▶ What you will do:
Your task is to output, without alteration, each line from the one containing "this 800×599 image." through the final line of the records below.

▶ Dataset entries:
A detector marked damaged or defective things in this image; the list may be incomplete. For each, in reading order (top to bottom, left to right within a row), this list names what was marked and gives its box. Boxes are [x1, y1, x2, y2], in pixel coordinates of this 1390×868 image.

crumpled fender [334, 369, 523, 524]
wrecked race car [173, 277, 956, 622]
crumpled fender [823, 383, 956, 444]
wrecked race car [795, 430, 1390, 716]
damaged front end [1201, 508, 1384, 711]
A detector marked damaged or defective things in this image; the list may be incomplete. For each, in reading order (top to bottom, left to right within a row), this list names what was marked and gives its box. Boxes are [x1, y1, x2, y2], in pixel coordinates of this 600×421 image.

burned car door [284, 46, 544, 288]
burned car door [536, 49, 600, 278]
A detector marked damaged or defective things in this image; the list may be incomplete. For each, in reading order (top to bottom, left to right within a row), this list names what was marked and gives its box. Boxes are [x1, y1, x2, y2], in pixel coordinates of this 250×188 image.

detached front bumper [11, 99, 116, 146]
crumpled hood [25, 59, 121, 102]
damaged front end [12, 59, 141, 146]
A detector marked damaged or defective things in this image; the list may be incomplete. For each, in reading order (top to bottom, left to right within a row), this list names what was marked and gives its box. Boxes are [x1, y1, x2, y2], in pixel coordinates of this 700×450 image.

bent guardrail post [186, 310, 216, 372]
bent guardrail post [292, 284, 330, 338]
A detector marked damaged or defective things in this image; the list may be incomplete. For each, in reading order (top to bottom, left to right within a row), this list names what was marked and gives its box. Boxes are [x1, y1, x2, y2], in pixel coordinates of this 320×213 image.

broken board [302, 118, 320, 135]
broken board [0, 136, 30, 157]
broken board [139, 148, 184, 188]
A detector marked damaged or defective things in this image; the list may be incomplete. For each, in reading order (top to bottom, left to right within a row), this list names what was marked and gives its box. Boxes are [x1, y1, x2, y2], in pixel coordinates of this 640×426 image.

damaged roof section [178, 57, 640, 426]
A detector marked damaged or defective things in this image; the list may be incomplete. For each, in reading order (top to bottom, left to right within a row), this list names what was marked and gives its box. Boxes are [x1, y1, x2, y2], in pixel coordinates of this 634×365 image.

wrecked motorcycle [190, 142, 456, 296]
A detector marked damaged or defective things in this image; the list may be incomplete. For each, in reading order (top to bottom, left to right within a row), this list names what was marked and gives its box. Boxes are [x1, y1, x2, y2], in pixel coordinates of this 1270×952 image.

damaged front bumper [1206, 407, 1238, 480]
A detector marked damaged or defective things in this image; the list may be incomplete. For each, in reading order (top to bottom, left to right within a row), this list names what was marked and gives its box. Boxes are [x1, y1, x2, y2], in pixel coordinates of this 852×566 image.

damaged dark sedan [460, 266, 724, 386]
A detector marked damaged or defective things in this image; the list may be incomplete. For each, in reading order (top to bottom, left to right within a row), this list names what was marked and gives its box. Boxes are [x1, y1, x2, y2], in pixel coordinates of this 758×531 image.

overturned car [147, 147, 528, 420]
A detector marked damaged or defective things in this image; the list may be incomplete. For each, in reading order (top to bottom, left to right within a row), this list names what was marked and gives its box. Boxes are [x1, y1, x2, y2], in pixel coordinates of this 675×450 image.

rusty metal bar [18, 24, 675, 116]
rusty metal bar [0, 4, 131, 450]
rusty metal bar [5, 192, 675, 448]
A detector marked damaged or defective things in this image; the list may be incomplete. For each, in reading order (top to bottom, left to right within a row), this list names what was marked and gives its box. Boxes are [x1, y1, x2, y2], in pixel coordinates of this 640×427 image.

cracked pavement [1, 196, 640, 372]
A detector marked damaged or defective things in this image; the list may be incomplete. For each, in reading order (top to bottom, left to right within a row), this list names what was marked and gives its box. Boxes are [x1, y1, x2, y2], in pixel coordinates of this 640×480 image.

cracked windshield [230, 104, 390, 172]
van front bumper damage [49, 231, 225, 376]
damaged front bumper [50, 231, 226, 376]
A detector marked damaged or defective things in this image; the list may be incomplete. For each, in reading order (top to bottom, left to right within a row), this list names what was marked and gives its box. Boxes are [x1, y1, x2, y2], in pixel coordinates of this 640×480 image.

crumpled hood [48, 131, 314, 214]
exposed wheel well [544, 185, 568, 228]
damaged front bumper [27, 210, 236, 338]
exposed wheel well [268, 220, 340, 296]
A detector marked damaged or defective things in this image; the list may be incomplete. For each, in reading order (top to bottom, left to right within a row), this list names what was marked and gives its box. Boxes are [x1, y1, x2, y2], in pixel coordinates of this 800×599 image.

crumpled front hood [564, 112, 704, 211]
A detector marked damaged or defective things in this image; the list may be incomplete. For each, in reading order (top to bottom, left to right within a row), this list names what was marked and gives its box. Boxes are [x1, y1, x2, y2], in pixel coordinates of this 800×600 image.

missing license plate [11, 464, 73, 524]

▶ Answer for the task:
A detector marked damaged or defective things in this image; the list may be incomplete. For each, in reading order (top to bottom, left to right within a row), this list names what was marked and gives its box. Boxes are [x1, y1, x2, y2], in pixel coordinates of this 800×599 image.

crumpled front hood [564, 112, 704, 211]
A detector marked damaged or defective things in this image; the list may be incomplete. For each, in reading order (top to bottom, left to right within a row), this list names what was marked and gives its box. Boxes are [x1, y1, x2, y2], in pixel coordinates of this 800×600 image.

missing license plate [11, 464, 73, 524]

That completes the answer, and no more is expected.